Société
Un serrurier confesse qu’à 64 ans il n’aura plus la force d’arnaquer les clients
Si la réforme des retraites est loin de faire l’unanimité, certains métiers sont plus touchés que d’autres. C’est le cas des serruriers. L’un d’entre eux a accepté de nous parler et confie ses doutes quant à sa capacité de continuer à arnaquer ses clients à 64 ans.
« Est-ce que j’aurai encore envie de faire pleurer les étudiants en leur annonçant le prix de la prestation ? Et de toute façon, si je le fais, est-ce que j’éprouverai le même plaisir ? » s’interroge Alain, 52 ans, serrurier depuis trois décennies. Au-delà de la lassitude, c’est aussi la baisse de la créativité qui l’inquiète : « Vous croyez que c’est facile d’avoir de l’inspiration tous les jours et de justifier en termes compliqués le changement d’une serrure qu’on pourrait ouvrir avec un seul tour de passe ? » Puis d’ajouter : « Qui me dit que je serai pas pris d’un peu de pitié au moment d’arnaquer les personnes âgées avec qui j’aurai de moins en moins d’écart ? On n’est pas à l’abri. »

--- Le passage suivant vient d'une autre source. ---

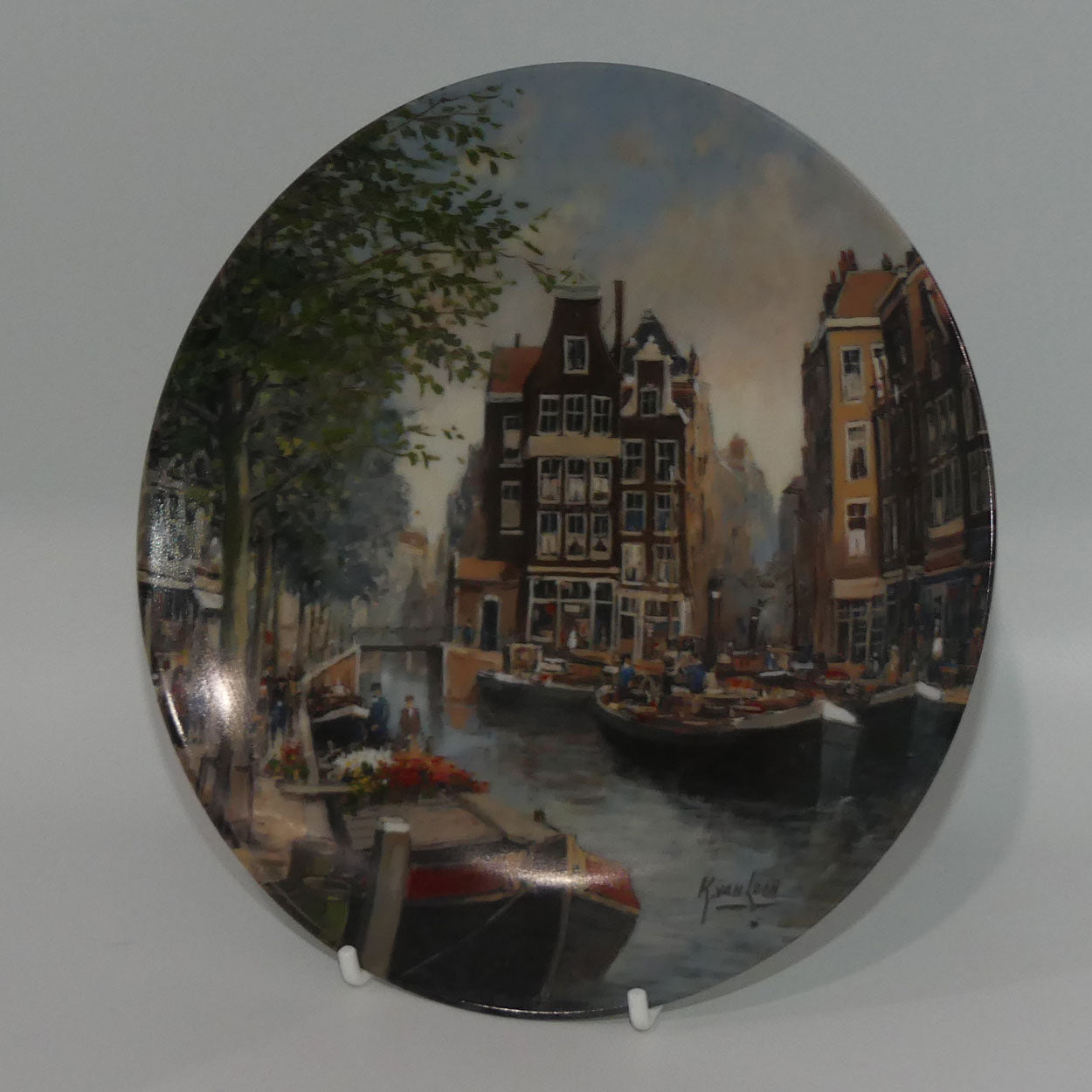 bradex-31-r67-2-2-plate-grachten-van-holland-2-lente-aan-een-rotterdamse-gracht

Remise en question profonde
Pour Alain, le questionnement n’est pas seulement comptable, il est également métaphysique « Le travail, ce n’est pas qu’une question d’argent, il faut aussi qu’il y ait de la passion et du sens. Si je ne peux plus escroquer les clients, mon métier n’en a plus aucun. »
Les serruriers ne seraient pas les seuls à éprouver cette crainte. Selon un sondage, 78% des garagistes ont peur de ne plus être assez créatifs à 64 ans pour inventer des noms de pièces à changer.